_ABOUT THIS TASK_. Everything from the line with "Bộ giường tủ phòng ngủ trẻ em GNE301" down to the line with "Godtfred pastel logo" below must be printed exactly, those two lines included. Exclude pictures.

_INFORMATION_.

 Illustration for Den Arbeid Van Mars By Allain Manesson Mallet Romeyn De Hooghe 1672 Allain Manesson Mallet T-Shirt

...

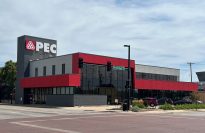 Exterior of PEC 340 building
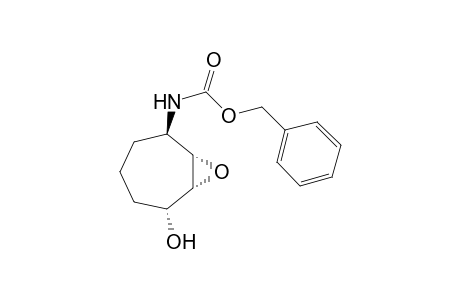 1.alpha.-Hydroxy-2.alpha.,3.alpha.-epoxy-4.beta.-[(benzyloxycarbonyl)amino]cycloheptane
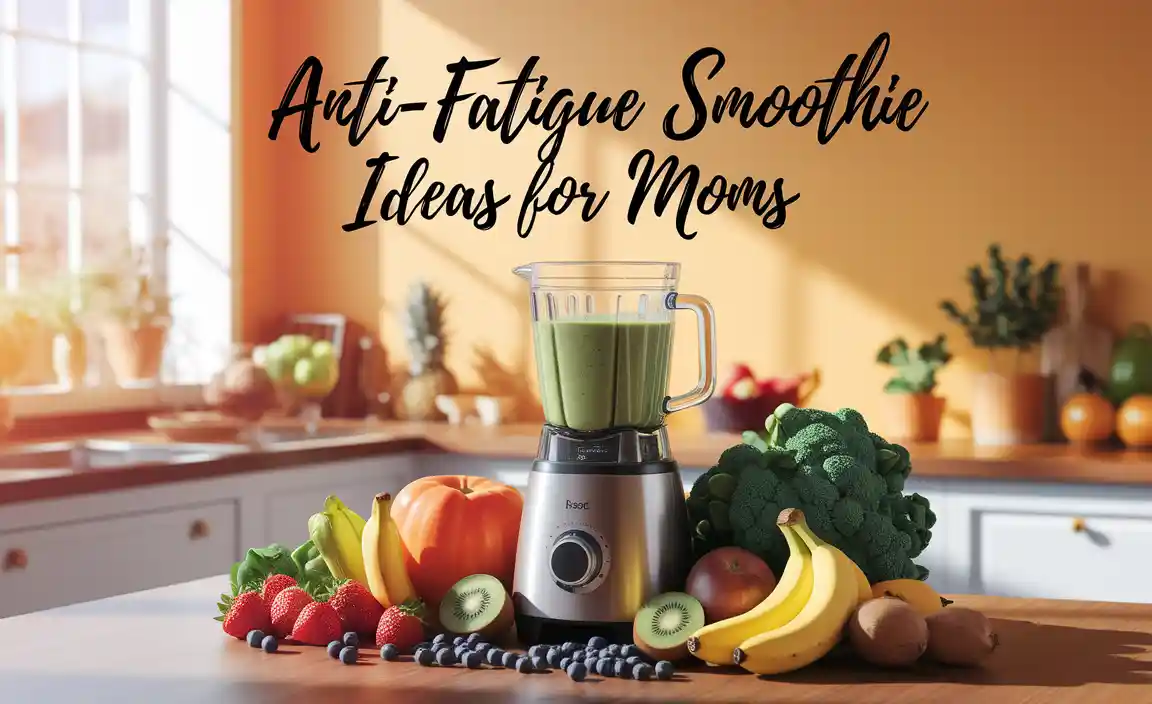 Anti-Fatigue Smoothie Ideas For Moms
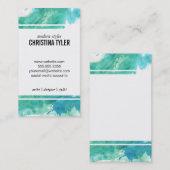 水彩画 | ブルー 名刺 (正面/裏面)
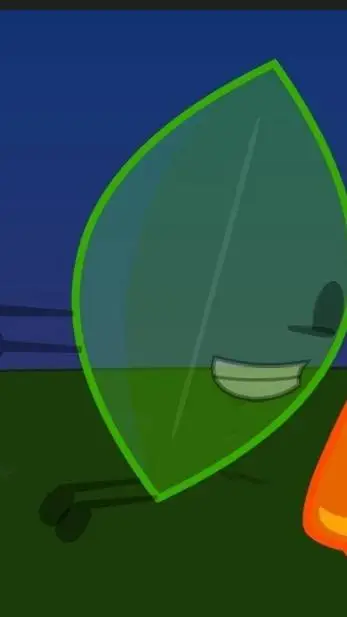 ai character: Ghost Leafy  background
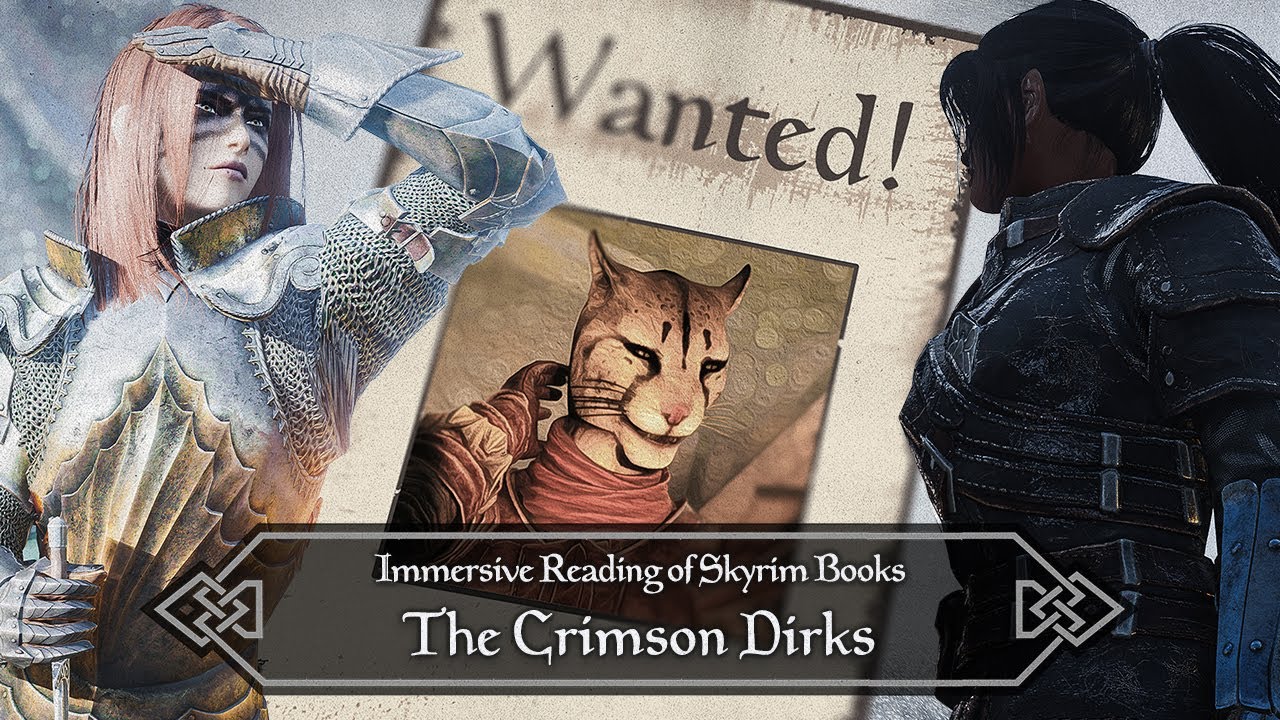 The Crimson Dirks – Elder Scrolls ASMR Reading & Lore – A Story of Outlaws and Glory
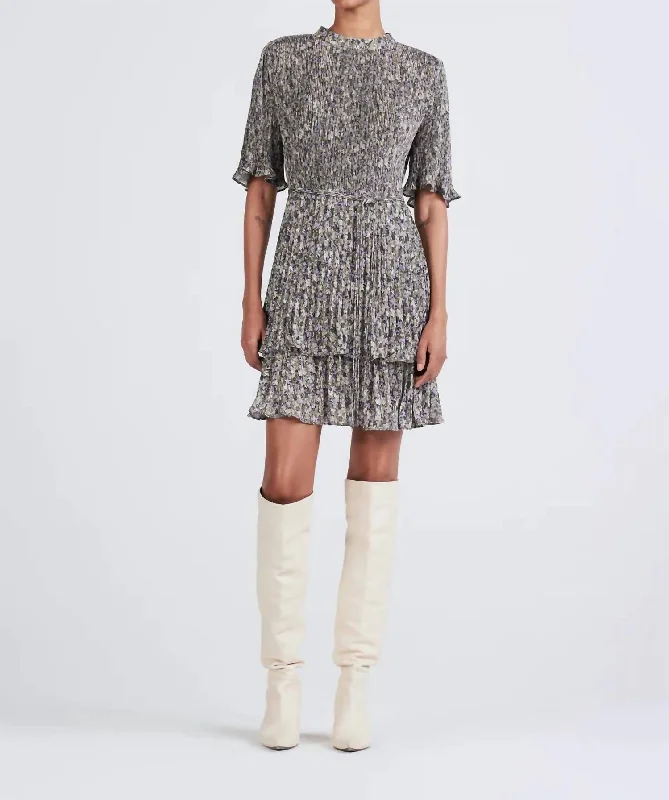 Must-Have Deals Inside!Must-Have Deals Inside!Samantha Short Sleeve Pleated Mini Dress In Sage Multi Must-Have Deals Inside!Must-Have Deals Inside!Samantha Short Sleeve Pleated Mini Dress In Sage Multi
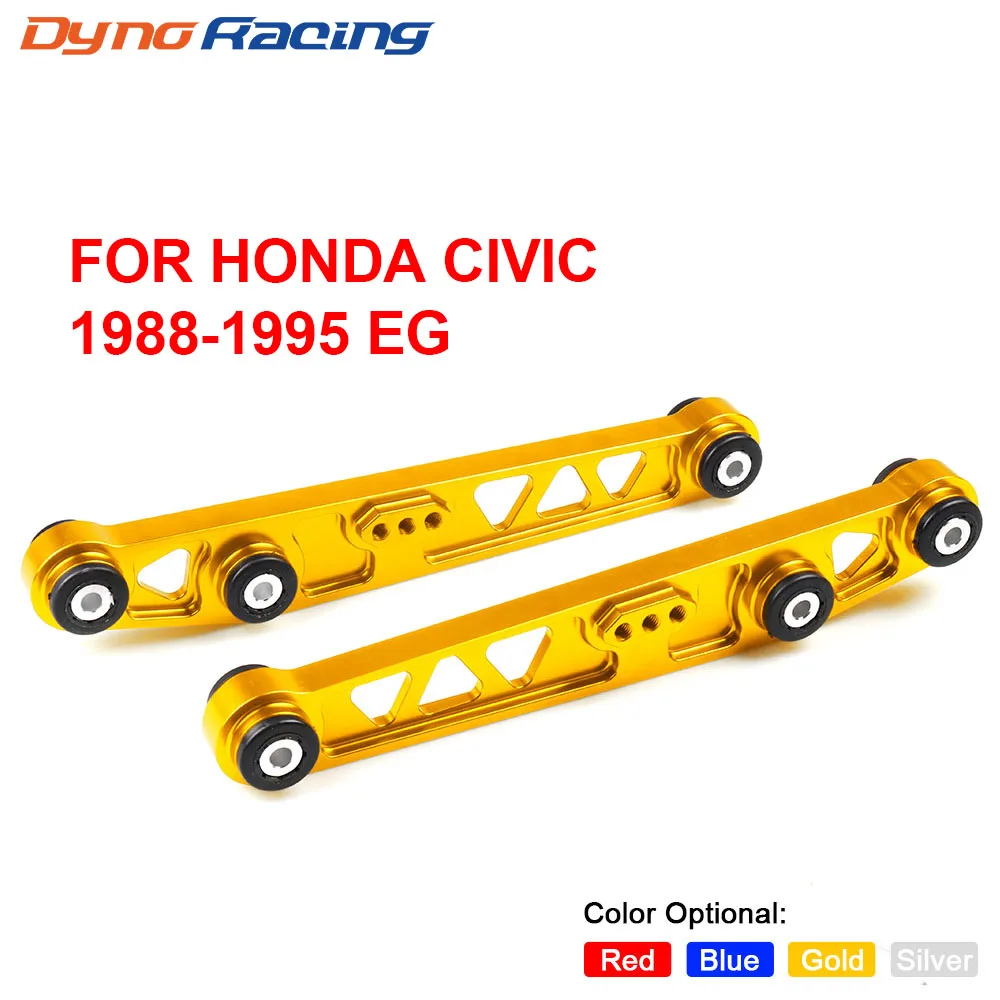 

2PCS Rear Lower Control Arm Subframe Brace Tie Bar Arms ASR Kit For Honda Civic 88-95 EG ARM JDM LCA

==

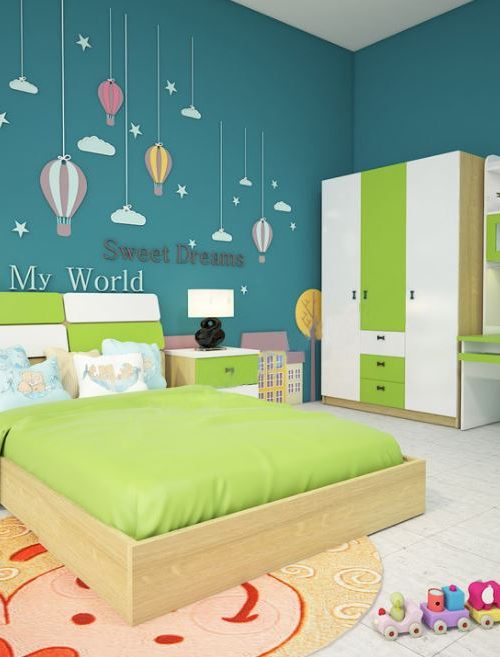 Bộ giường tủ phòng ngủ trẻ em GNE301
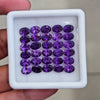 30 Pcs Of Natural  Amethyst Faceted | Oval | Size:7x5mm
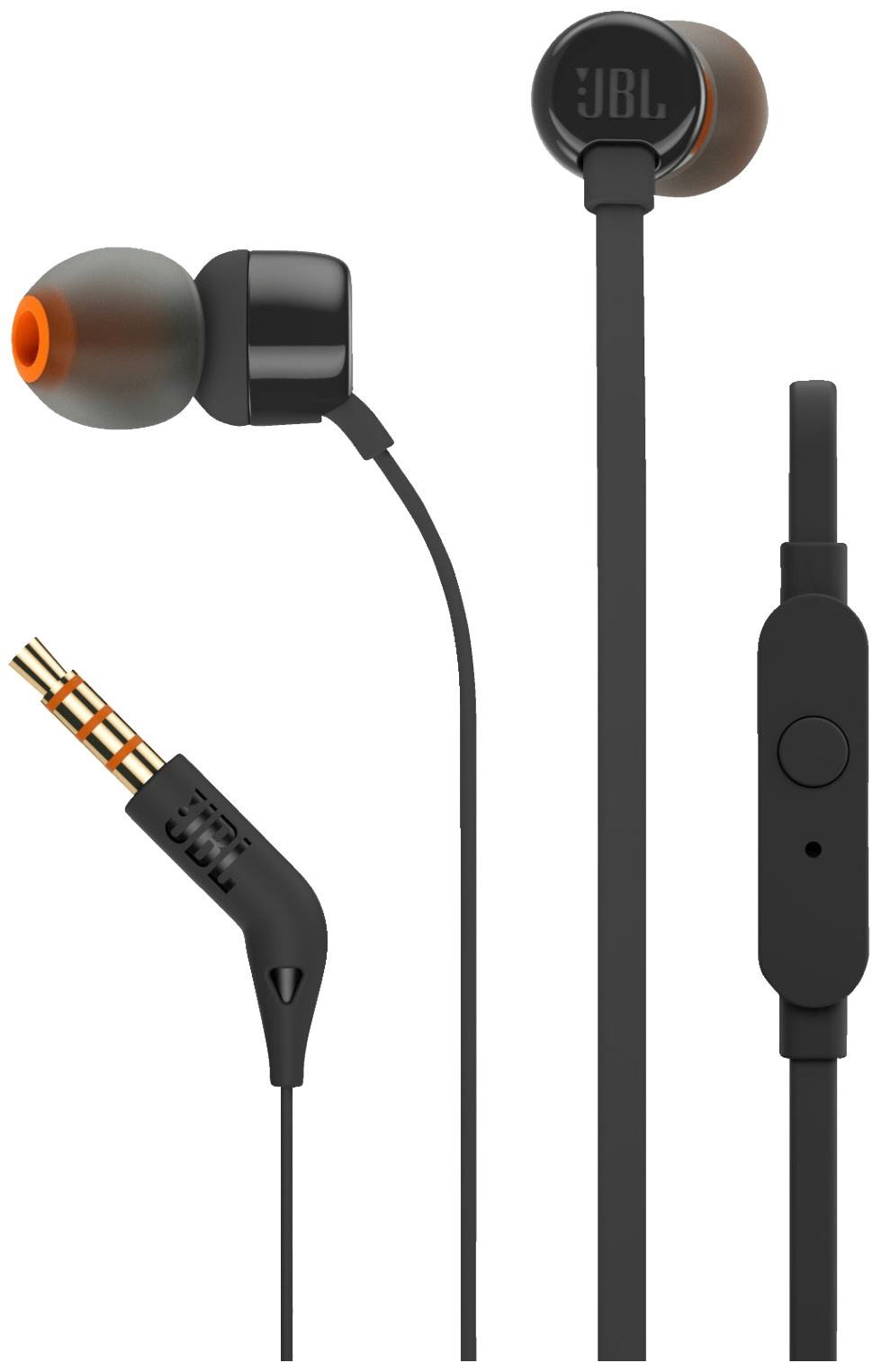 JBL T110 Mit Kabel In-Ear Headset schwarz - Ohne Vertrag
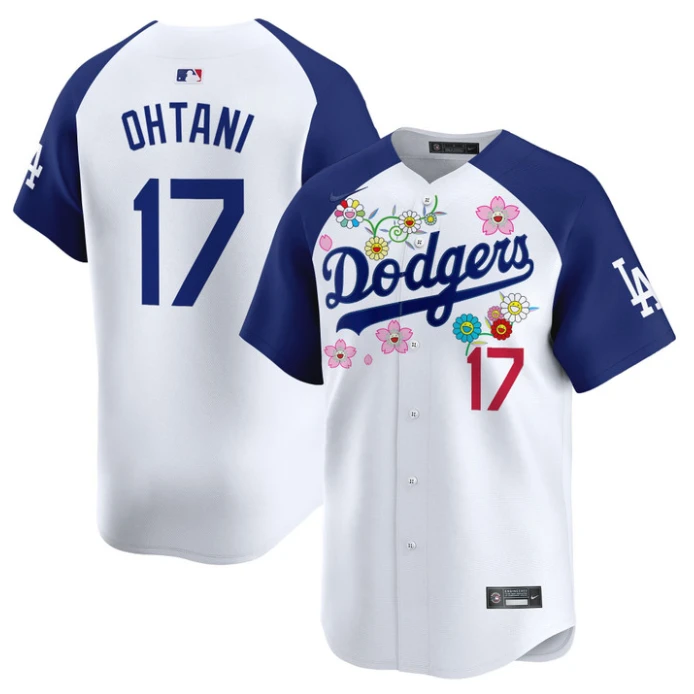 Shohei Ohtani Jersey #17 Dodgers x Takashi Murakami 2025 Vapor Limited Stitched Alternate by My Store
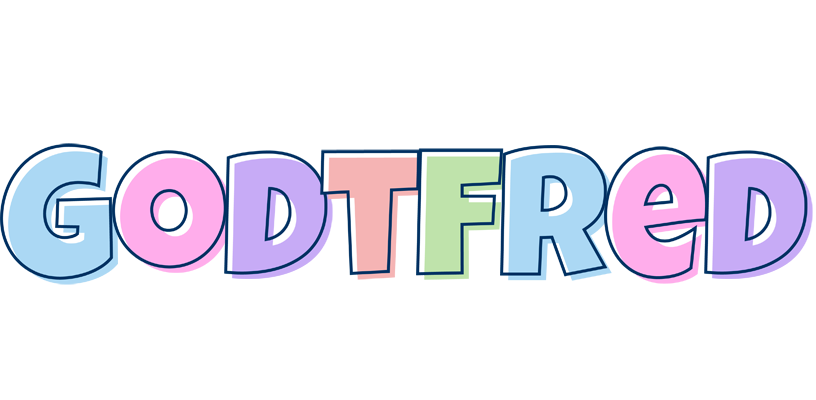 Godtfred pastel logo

_SOLVED PROBLEM_.
 Bộ giường tủ phòng ngủ trẻ em GNE301
 30 Pcs Of Natural  Amethyst Faceted | Oval | Size:7x5mm
 JBL T110 Mit Kabel In-Ear Headset schwarz - Ohne Vertrag
 Shohei Ohtani Jersey #17 Dodgers x Takashi Murakami 2025 Vapor Limited Stitched Alternate by My Store
 Godtfred pastel logo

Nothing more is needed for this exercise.